I didn’t want to do that. I said, don’t even pay me. While I am riding this other bike I don’t want any of your money. I just don’t want to lose. I don’t want to invest 12 months in my time and my family’s time, 12 months in my daughter’s schooling to come over here. If I lose, then it’s because I am not good enough. I can live with that, but I don’t want to go through what we went through last year. I have been in the wind tunnel. Your bike is shit basically. I don’t mean to be rude, but it is. They wouldn’t do it. They thought I was bluffing. I am like, well, I wouldn’t bluff with my family’s time. So I went and rode the Cervelo. I went and rode it in Vegas [Ironman 70.3 World Championships]. I put black tape on it. And then the lawyers dealt with it, and yeah, it’s a long story.
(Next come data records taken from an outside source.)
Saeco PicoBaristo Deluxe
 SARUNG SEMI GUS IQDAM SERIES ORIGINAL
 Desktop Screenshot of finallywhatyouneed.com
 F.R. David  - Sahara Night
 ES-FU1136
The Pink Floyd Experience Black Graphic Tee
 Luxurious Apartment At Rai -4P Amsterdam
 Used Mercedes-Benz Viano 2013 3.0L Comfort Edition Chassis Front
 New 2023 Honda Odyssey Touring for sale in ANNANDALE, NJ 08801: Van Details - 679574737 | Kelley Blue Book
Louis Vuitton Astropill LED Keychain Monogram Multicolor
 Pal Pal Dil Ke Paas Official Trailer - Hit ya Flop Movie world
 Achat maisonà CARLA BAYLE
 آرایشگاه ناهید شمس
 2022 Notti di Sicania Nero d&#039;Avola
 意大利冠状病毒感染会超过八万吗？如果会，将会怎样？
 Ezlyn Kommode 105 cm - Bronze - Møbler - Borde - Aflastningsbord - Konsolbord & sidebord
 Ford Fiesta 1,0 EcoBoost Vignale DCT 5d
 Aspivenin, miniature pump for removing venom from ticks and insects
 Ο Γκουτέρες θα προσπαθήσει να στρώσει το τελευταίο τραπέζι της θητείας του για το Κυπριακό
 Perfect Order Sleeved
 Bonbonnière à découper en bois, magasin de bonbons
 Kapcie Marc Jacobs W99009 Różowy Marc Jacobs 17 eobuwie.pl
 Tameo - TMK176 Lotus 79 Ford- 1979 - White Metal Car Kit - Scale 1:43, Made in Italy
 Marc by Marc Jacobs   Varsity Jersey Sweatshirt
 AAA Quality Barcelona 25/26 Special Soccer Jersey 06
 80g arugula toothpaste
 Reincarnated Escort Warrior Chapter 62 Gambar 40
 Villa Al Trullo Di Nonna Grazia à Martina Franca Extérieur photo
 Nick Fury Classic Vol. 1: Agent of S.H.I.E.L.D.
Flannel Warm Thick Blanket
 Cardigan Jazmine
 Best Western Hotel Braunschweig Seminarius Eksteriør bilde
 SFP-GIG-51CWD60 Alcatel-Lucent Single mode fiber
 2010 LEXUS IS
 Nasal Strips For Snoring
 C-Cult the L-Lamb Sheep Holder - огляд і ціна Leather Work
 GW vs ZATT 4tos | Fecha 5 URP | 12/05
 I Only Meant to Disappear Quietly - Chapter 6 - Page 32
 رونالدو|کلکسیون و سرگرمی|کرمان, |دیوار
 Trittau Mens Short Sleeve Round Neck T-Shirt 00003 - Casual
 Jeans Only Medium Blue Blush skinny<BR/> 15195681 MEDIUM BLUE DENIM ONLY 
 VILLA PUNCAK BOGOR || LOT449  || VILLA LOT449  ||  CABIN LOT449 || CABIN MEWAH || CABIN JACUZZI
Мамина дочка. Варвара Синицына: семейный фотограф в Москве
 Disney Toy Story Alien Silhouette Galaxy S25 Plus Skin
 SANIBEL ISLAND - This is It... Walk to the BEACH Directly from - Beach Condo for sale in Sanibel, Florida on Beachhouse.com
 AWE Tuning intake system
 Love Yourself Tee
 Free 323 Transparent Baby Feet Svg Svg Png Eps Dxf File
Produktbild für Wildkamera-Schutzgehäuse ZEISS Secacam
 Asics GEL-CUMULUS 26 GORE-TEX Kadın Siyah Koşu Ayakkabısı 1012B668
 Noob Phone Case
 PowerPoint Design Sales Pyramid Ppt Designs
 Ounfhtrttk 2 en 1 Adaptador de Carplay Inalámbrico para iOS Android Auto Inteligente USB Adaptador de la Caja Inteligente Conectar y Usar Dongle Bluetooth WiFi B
Q. And then you signed with Specialized days before Kona in 2011. Did you get much testing in?
A. I rode it — yeah. The great thing was, the position I had on the Cervelo, I could get the exact same position on the Specialized with the Retul Bike Fit System. Specialized were very aggressive, and they didn’t have to sell me on the aerodynamics. All those bikes are fast, but I just wanted to make sure I could get the same position, and the boys from Retul got my position, and I rode it, and it just felt right from the first ride. It felt like the Cervelo. The Cervelo was a great bike, too. They both were so much better than what I had been riding, but I probably could have got on a tricycle and it would have felt good at that point. But I got on the Cervelo — won that world title. I only rode it for two weeks then got on the Specialized, rode that for two weeks, then won another one, and they just felt so right.

Q. That was a great ride.
A. Yeah, it was a 4:23, then I ran a 2:44. I had a very good day. I was very fit, and in fact I probably should have gone a little quicker. I ran out of salt tablets and cramped up and had to walk at the end, and I was on pace to run a 2:41, so I lost three minutes in like the last three miles, but I had a six- or seven-minute lead. So I mean, you don’t like to finish walking a little bit, but it was a great race. Good memories, apart from getting sued.